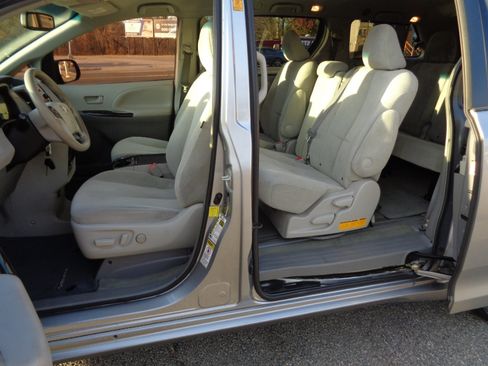 Used 2012 Toyota Sienna LE image 14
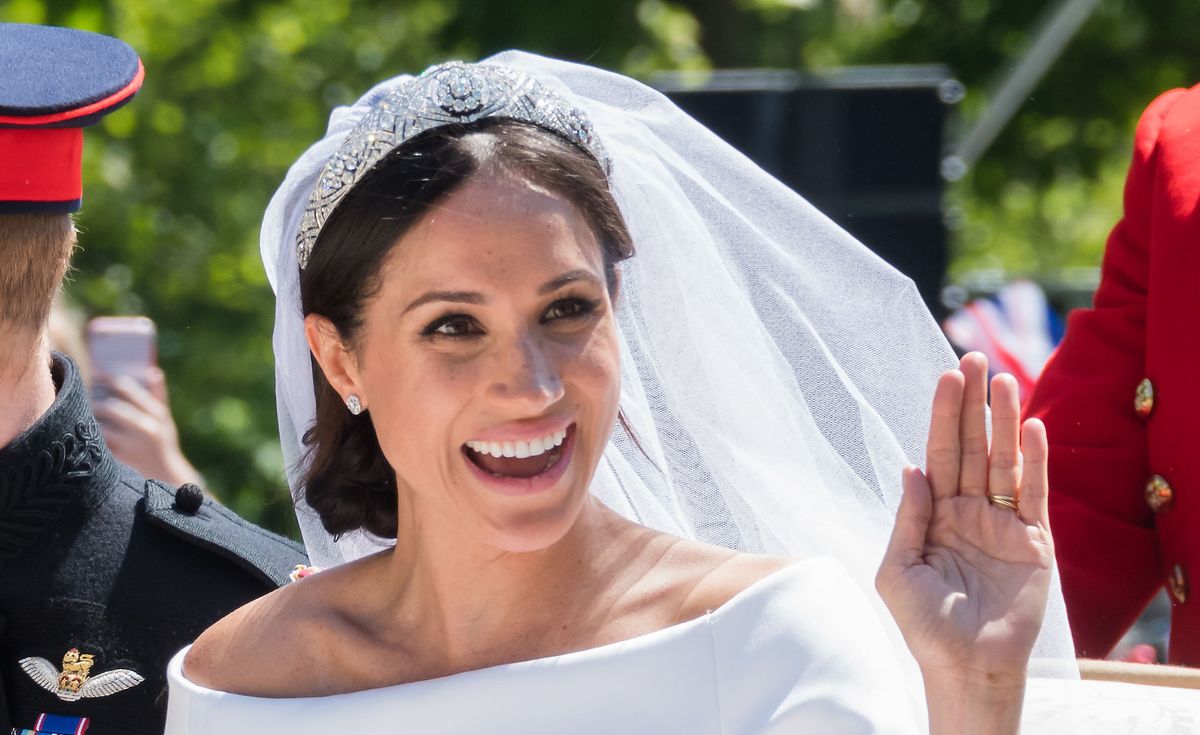 Voici comment la robe de mariée de Meghan Markle était en réalité un hommage à la reine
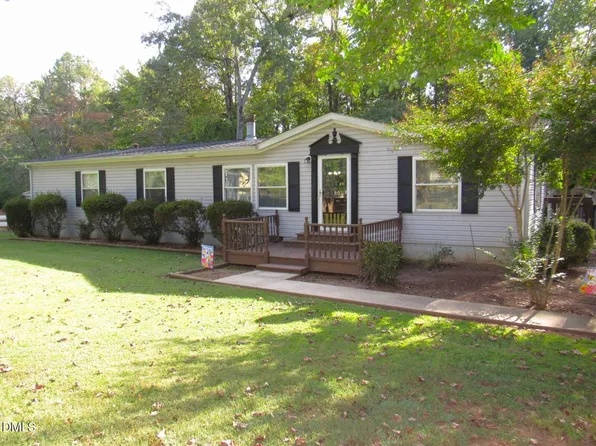 34 Waters Edge Cv, Henderson, NC 27537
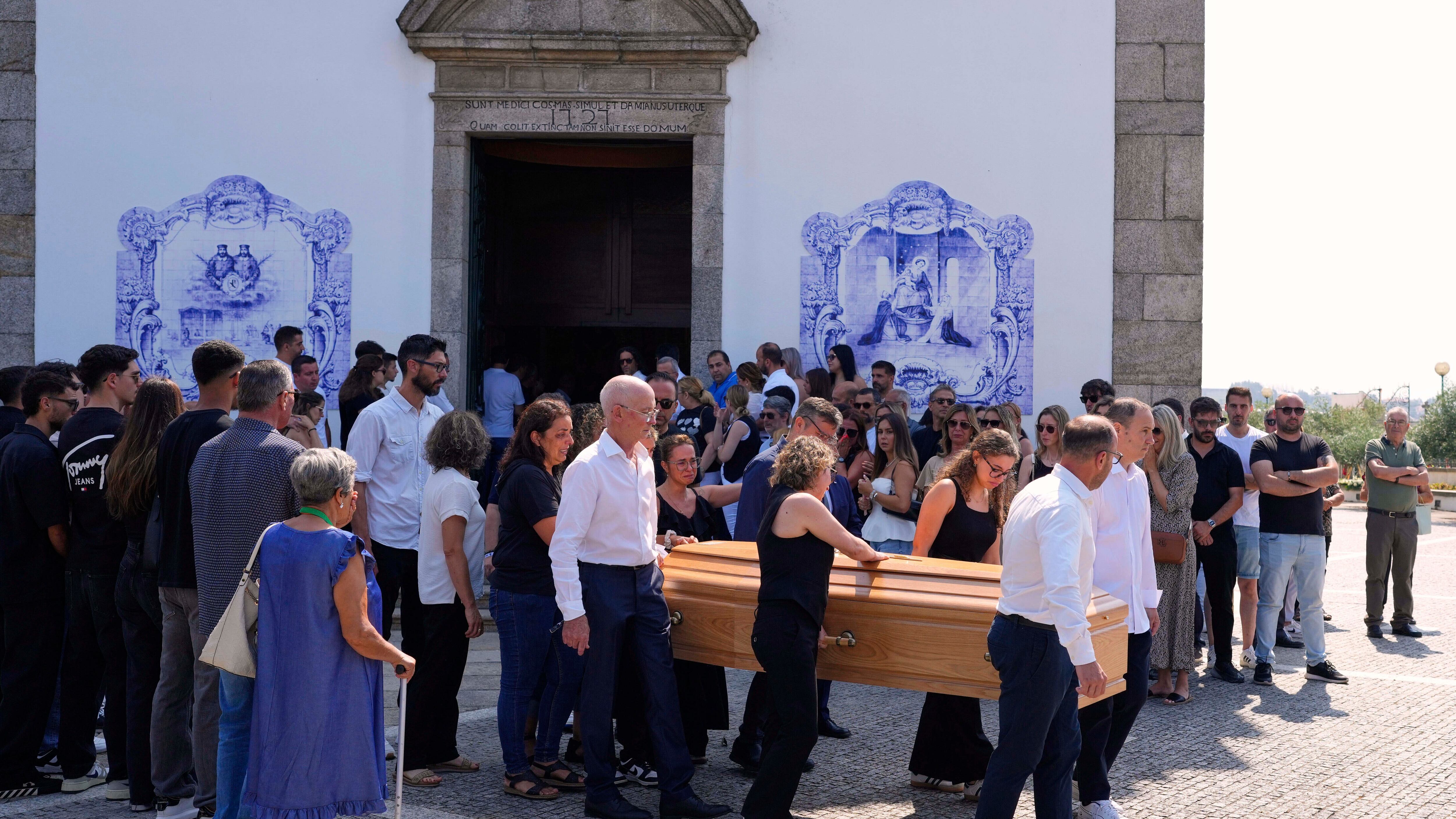 Lacrime e dolore ai funerali di Diogo Jota. Polemica per l'assenza di Cristiano Ronaldo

■ **What you need to do**
Set out the material once more, exact in every line, with no images.

■ **Reply to the exercise**
 Used 2012 Toyota Sienna LE image 14
 Voici comment la robe de mariée de Meghan Markle était en réalité un hommage à la reine
 34 Waters Edge Cv, Henderson, NC 27537
 Lacrime e dolore ai funerali di Diogo Jota. Polemica per l'assenza di Cristiano Ronaldo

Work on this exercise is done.